Ayoze Perez turned off his Twitter notifications a while ago, and if you look through the replies to his tweets earlier this season it’s not hard to see why.
Perez, last season’s top scorer, wasn’t playing well, and nor was his team.
Of course, there were plenty of positive messages from Newcastle United fans at the time, but many were negative.
“Sometimes, it’s good not to hear some things,” said the forward.
“The mentality is to avoid anything that can disturb you or make you think things you shouldn’t think.”
Given that confidence is so important to any athlete, it was probably best Perez didn’t see the negative ones.
Perez knew he wasn’t playing well – and he knew he had to improve.

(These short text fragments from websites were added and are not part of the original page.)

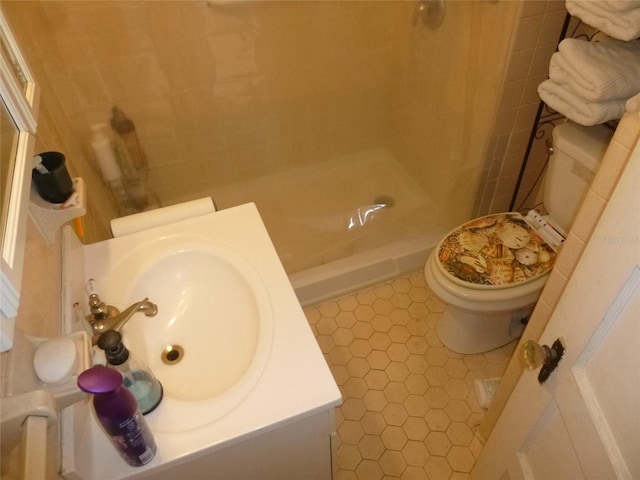 302 S Palm Ave, Frostproof, FL 33843 - full bathroom with toilet, vanity, walk in shower, and tile patterned flooring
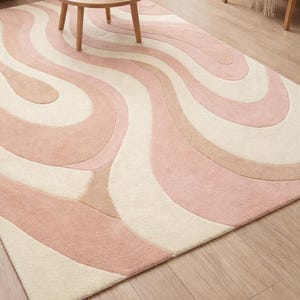 abstract rug
modern area rug
tufted wool rug
pink area rug
cream rug
pastel rug
wavy pattern rug
hand tufted rug
living room rug
bedroom rug
home decor rug
designer rug
soft wool rug
boho modern rug
minimal rug
contemporary rug
custom size rug
5x7 rug
6x9 rug
8x10 rug
floor decor
luxury rug
indoor rug
statement rug
neutral rug
art rug
trendy rug
handmade rug
modern carpet
area carpet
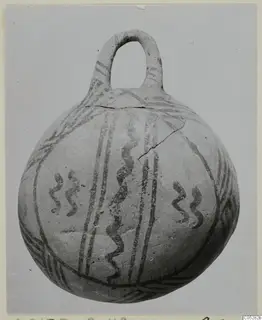 Round pottery vessel with a loop handle, decorated with dark painted bands and wavy lines, White Painted III-2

That was then. This is now. And if Perez turned his notifications back on today, it would be a different story. All the replies to tweets following his match-winning performance against Everton last weekend are positive.
“Brilliant”, “fantastic” and “outstanding” were some of the words used to described Perez’s second-half performance against Everton, who had led 2-0 at the break.
The 25-year-old scored two goals and set up another for Salomon Rondon, his strike partner.
That’s football. There are highs and lows, peaks and troughs.
Perez’s form has improved with the team’s form. The two are inextricably linked.
United, helped by the arrival of Miguel Almiron are playing higher up the pitch and with more confidence. Perez – who has long been one of the best finishers at the club – is getting better chances and is taking more of them.
The former Spain Under-21 international, signed as an unknown in 2014, now has 27 Premier League goals to his name.
Only 12 players have scored more times in the division for Newcastle than Perez, who took to sticking his fingers in his ears in celebrations of his goals after being booed on to the pitch against Watford in early November.
“I will do it until the end of the season now,” said Perez.
The thing is, there’s always one. There’s always one player in any team who gets more grief than his team-mates – and it happened long before Twitter.
Criticism, and abuse, has always been part of football, but critics used to have to be within shouting distance of a player to get their message across. Social media changed all that.
It wasn’t too long ago that Dummett was getting stick online and on the pitch.
Dummett, like Perez, persevered with the backing of manager Rafa Benitez, and his name, finally, was sung by United fans last season.
“It was weird,” the defender said at the time. “Normally people shout ‘Dummett, you’re s****’.”
Worse has been said to Perez, who could yet become one of the club’s all-time leading Premier League goalscorers.